The cause of this type of management failure has often been shown in large herbivore management [47,48,49]. Because stock assessment errors can lead to population management failures [50], choosing a more pessimistic population scenario (i.e., a higher initial population within a confidence interval) would be more robust against uncertainty and reduce the risk of management failure. In addition, using an adaptive management approach, which includes cycles of design, management, monitoring, and adaptation in an iterative feedback loop, is essential to managing natural resources that include extreme uncertainty, such as the sika deer in this study [51,52,53]. To successfully manage this deer population, the authors recommend a reorganization of the deer management plan on Kyushu Island from the present inflexible plan based on a fixed harvest number to an adaptive one that incorporates current population estimates and uncertainty.

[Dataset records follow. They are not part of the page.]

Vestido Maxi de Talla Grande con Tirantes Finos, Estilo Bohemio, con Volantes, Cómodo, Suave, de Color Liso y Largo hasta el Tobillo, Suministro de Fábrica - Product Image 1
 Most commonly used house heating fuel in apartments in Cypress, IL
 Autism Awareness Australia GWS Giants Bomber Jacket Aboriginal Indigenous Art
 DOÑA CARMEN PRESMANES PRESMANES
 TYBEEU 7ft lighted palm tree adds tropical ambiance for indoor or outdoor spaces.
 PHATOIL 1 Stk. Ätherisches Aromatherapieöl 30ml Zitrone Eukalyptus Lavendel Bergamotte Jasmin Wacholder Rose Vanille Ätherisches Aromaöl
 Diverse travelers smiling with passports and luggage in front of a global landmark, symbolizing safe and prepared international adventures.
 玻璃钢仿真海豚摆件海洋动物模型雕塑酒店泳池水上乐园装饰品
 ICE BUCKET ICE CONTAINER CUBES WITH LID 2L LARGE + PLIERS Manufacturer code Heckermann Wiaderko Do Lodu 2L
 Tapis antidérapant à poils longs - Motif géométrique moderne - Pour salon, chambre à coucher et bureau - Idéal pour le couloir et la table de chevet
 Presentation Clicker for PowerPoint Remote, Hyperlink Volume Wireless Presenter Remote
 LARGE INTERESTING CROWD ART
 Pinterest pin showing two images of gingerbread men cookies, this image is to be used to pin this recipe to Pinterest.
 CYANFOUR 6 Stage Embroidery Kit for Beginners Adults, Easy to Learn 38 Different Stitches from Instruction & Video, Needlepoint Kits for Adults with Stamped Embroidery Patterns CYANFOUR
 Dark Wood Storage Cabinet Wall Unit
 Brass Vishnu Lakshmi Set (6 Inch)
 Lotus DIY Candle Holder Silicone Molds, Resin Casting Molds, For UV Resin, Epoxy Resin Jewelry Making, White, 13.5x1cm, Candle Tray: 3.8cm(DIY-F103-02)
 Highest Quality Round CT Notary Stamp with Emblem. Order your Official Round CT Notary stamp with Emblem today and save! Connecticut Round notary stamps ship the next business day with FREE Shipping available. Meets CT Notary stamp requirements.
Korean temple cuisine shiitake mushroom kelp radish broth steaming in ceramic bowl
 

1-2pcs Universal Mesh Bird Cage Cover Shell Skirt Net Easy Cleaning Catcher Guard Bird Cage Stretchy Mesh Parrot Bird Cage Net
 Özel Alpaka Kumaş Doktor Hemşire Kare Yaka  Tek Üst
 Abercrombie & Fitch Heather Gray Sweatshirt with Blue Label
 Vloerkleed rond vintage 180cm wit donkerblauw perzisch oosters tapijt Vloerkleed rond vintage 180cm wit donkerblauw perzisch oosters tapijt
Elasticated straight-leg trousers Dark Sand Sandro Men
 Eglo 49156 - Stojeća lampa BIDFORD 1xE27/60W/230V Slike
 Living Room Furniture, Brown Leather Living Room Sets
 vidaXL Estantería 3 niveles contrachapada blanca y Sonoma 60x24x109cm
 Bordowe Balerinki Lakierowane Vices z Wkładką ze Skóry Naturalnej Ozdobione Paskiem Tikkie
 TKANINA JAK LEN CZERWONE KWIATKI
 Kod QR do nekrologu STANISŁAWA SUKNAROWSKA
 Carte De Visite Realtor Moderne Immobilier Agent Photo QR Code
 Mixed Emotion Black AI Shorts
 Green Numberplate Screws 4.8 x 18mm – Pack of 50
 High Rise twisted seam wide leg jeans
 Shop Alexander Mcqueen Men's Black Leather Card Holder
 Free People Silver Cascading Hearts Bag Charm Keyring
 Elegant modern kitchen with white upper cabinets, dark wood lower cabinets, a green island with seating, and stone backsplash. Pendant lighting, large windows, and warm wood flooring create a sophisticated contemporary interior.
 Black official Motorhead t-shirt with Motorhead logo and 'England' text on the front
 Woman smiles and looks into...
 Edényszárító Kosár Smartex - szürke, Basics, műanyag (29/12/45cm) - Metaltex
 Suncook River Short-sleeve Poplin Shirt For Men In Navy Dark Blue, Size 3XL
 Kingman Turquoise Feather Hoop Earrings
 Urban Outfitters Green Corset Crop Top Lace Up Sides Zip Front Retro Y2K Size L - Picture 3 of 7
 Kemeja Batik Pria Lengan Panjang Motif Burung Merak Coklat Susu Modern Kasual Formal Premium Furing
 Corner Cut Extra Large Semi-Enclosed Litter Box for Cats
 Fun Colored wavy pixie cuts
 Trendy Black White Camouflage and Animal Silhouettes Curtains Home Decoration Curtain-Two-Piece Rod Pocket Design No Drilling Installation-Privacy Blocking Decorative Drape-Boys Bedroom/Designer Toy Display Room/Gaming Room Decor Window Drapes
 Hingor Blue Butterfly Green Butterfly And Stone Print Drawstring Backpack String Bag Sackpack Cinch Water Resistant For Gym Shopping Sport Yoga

In addition, previous studies have shown that initial censuses of large herbivore populations tend to underestimate the actual size, especially in large populations [10,11], and recent studies of management strategies have emphasized the importance of an appropriate spatial scale [54,55]. In Kumamoto Prefecture, although there was no population decline throughout the prefecture, density decline by harvesting was shown on a regional scale, such as 25 km² [56]. So, at smaller spatial scales, the population can be reduced by harvesting. Thus, the authors consider that managing in smaller units will lead to successful management because both the Kyushu Island and the prefecture-based management units are too large for deer management. Even if management goals are set on a prefecture-base, it is important to define harvesting targets in each region of the prefecture.

5. Conclusions

In this study, the authors found relative stable population dynamics of sika deer on Kyushu Island, Japan, even though a national policy to rapidly increase the harvests of sika deer was implemented to manage the deer population. This study highlights not only the difficulties of wide-area management of sika deer but also three important factors for successful management: reducing the risk of management failure as well as using an adaptive management approach and appropriate management scale.